Ritual: Approval by a three-judge religious court comprised of three Orthodox men (usually rabbis), male circumcision (or, for circumcised men, symbolic drawing of blood at the place of circumcision) and ritual immersion in a mikvah.
Requirements: Commitment to performing all the Torah’s commandments according to Orthodox interpretations of Jewish law.
Preparation: In most cases, regular study with a rabbi and/or religious mentor. The only rabbi known to offer an Orthodox conversion class in the United States, Rabbi Maury Kellman of New York, has a yearlong curriculum for his Manhattan Mechina L’Giyur that covers Jewish philosophy, law, history and ethics; field trips to places like Brooklyn and Israel; and occasional Shabbaton weekends. Prospective converts are expected to adopt Jewish practices, join an Orthodox Jewish community and regularly attend synagogue.
Who’s converting? Spiritual seekers, non-Jews dating Jews, gentiles drawn to Judaism through friends and those who converted through other Jewish denominations.
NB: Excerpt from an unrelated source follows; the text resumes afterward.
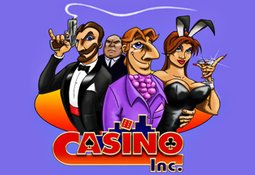 Casino Inc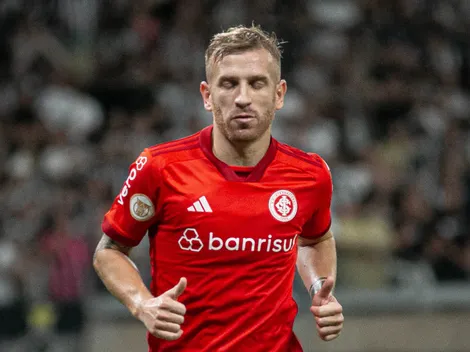 Coudet faz revelação IMPORTANTE sobre Pedro Henrique no Internacional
The latter category includes individuals raised as Jews in non-Orthodox households who subsequently realized they don’t count as Jewish according to Orthodox Jewish law (usually because their mother isn’t halachically Jewish), as well as individuals who previously converted Reform or Conservative and then decided they wanted an Orthodox conversion. This usually happens because they became more observant or want their Jewish status to be unimpeachable. Kellman estimates the breakdown of students at his Orthodox conversion course in Manhattan as 30-35 percent converts who already converted outside of Orthodoxy, 30 percent relationship converts, 15 percent seekers and 15 percent drawn to Judaism for social reasons. The vast majority of Kellman’s students are women, mostly aged 25 to 40.
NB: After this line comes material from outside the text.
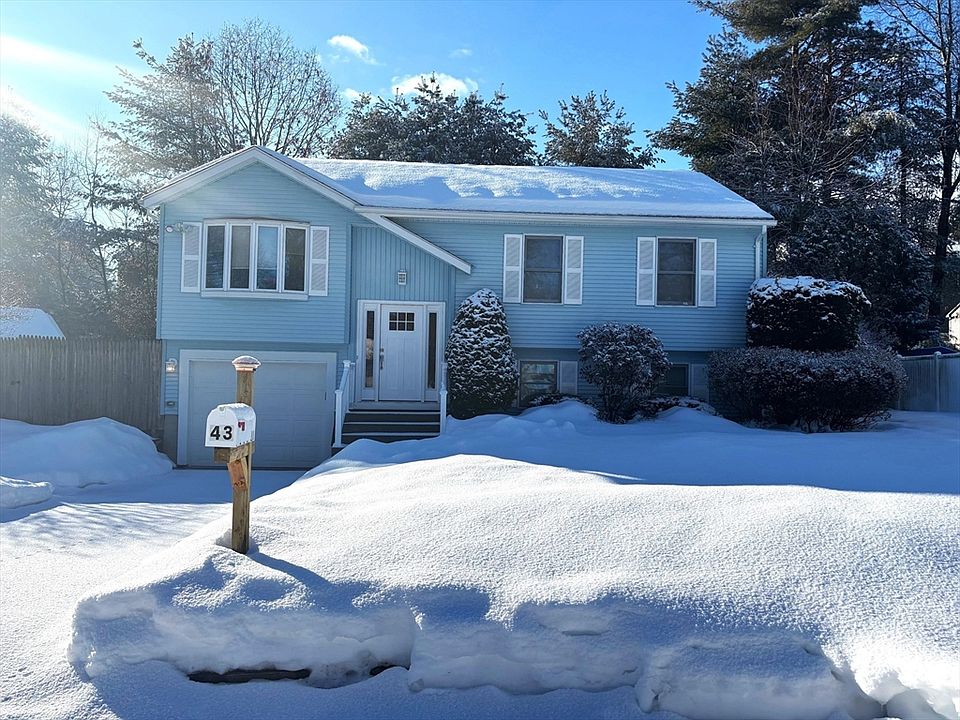 1st image of 43 Marmon Ct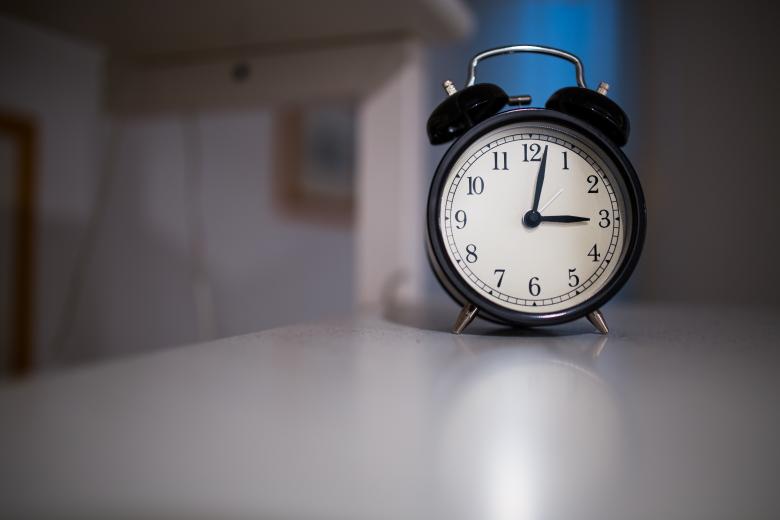 Free stock image of Clock created by Negativespace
Attitude toward conversions performed by other denominations: Not good enough. Orthodox conversion is the only acceptable path to becoming a Jew.
Problems: Only in 2007 did the Rabbinical Council of America, the country’s main centrist Orthodox rabbinic association, establish a standardized process for conversions. The system, called Geirus Policies and Standards, or GPS, constituted an attempt to “provide reasonable assurance that its converts and their offspring be accorded acceptance and recognition in other Jewish communities in the future.” But with many Orthodox conversions still taking place outside this system (perhaps most), critics say the establishment of central standards automatically casts aspersions on the Jewish credentials of anyone who does not go through the GPS process.
Who is a Jew without conversion: Anyone whose mother is Jewish according to halachah. In cases of uncertainty, such as some Ethiopian immigrants to Israel or members of so-called Lost Tribes whose Jewish ancestry is not universally accepted or known, most Orthodox authorities prefer conversion just to be on the safe side.